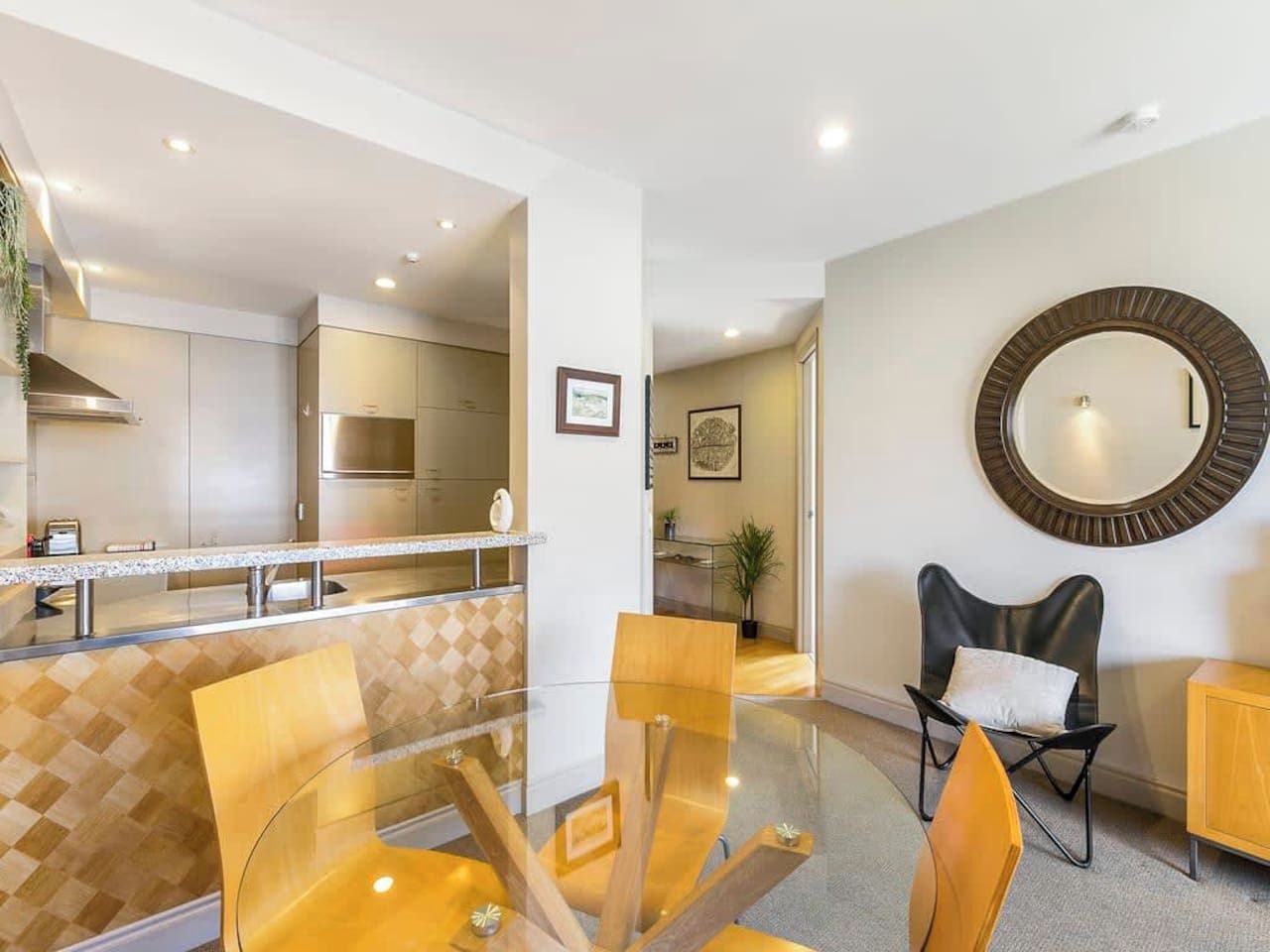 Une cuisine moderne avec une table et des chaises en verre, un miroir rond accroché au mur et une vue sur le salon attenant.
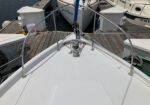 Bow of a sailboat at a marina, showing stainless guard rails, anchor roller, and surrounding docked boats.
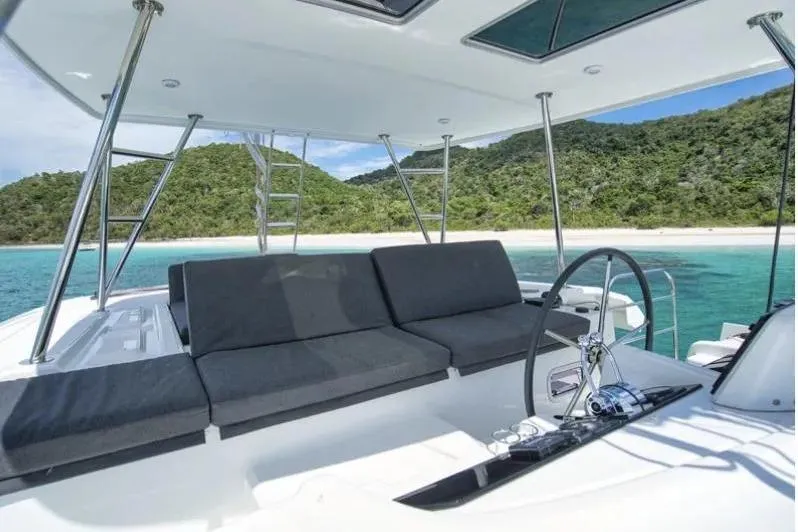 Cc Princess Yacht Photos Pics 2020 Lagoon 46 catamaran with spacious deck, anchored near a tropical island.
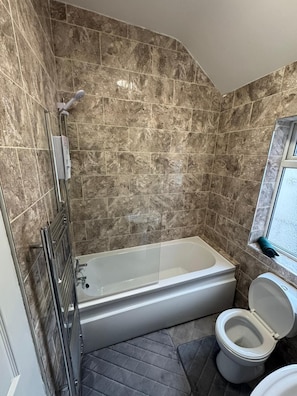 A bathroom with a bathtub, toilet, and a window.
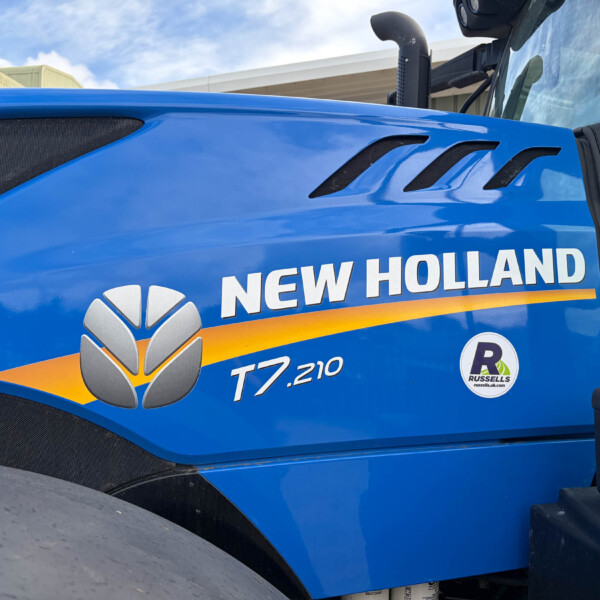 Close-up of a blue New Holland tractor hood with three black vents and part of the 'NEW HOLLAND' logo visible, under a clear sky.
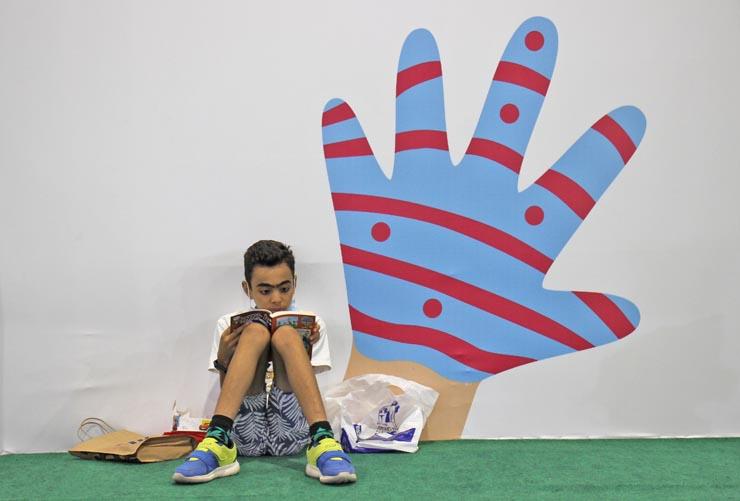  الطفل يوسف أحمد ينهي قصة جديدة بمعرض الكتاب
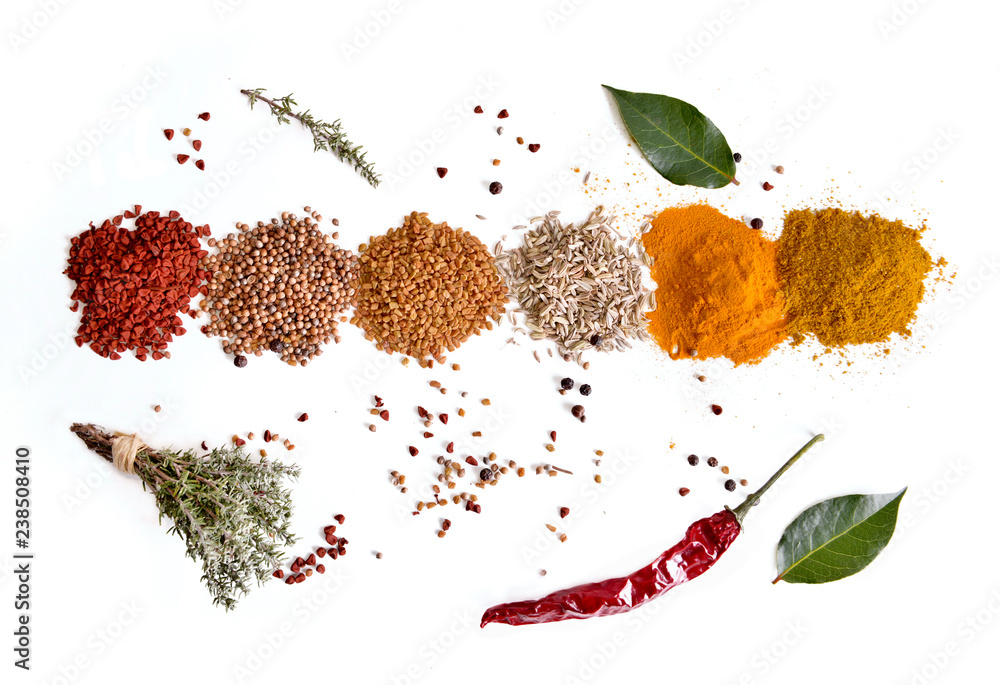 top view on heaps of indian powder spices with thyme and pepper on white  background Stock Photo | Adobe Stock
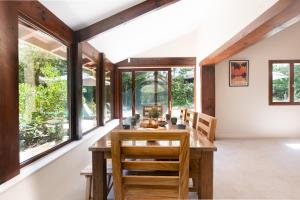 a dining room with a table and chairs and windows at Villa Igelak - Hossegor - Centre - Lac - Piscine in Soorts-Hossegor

- - -

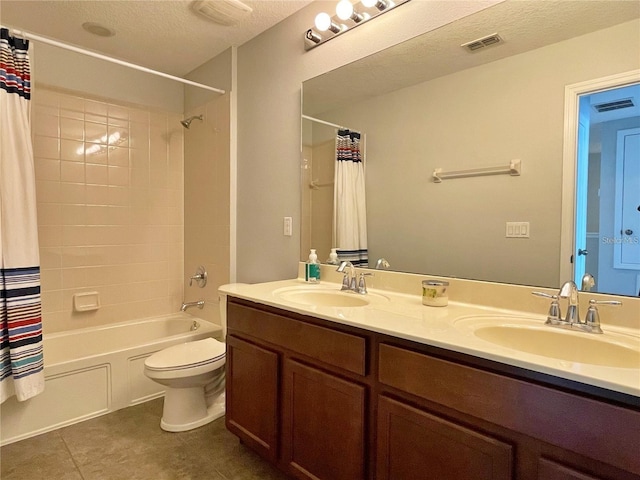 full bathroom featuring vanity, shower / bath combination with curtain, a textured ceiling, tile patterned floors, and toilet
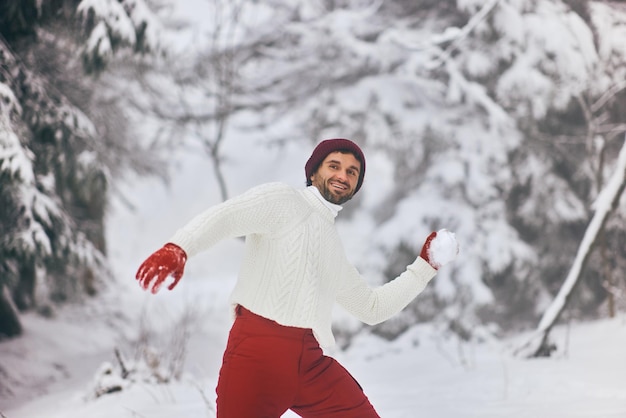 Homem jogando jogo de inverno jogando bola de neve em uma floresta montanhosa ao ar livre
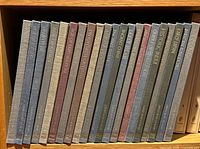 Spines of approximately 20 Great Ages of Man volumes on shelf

- - -

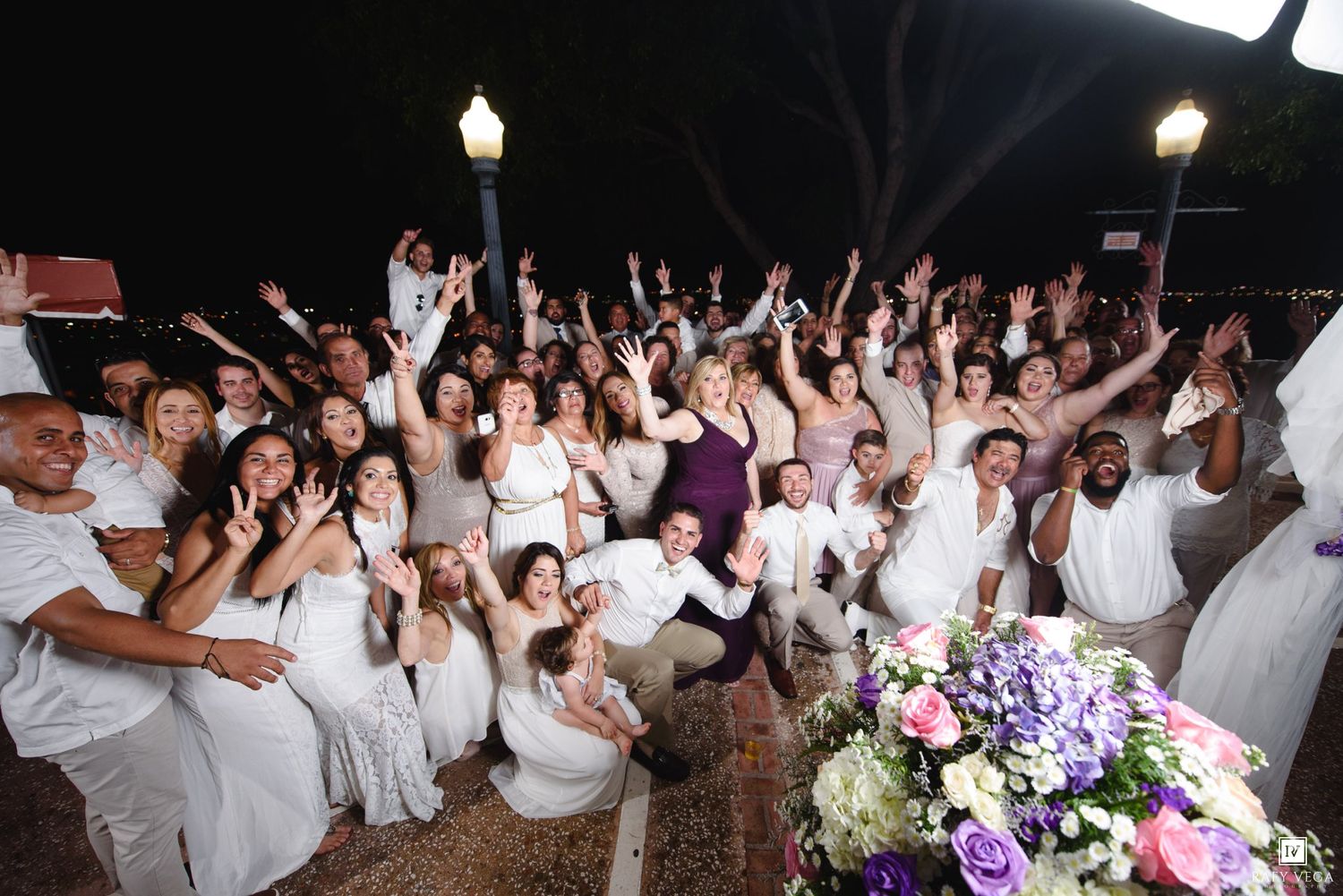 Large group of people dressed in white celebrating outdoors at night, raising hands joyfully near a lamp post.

- - -

[Task objective] Above is the material; set down exactly its lines from the one containing "Cc Princess Yacht" down to the one containing "a dining room", both included, leaving out any pictures.

[Worked solution]
 Cc Princess Yacht Photos Pics 2020 Lagoon 46 catamaran with spacious deck, anchored near a tropical island.
 A bathroom with a bathtub, toilet, and a window.
 Close-up of a blue New Holland tractor hood with three black vents and part of the 'NEW HOLLAND' logo visible, under a clear sky.
  الطفل يوسف أحمد ينهي قصة جديدة بمعرض الكتاب
 top view on heaps of indian powder spices with thyme and pepper on white  background Stock Photo | Adobe Stock
 a dining room with a table and chairs and windows at Villa Igelak - Hossegor - Centre - Lac - Piscine in Soorts-Hossegor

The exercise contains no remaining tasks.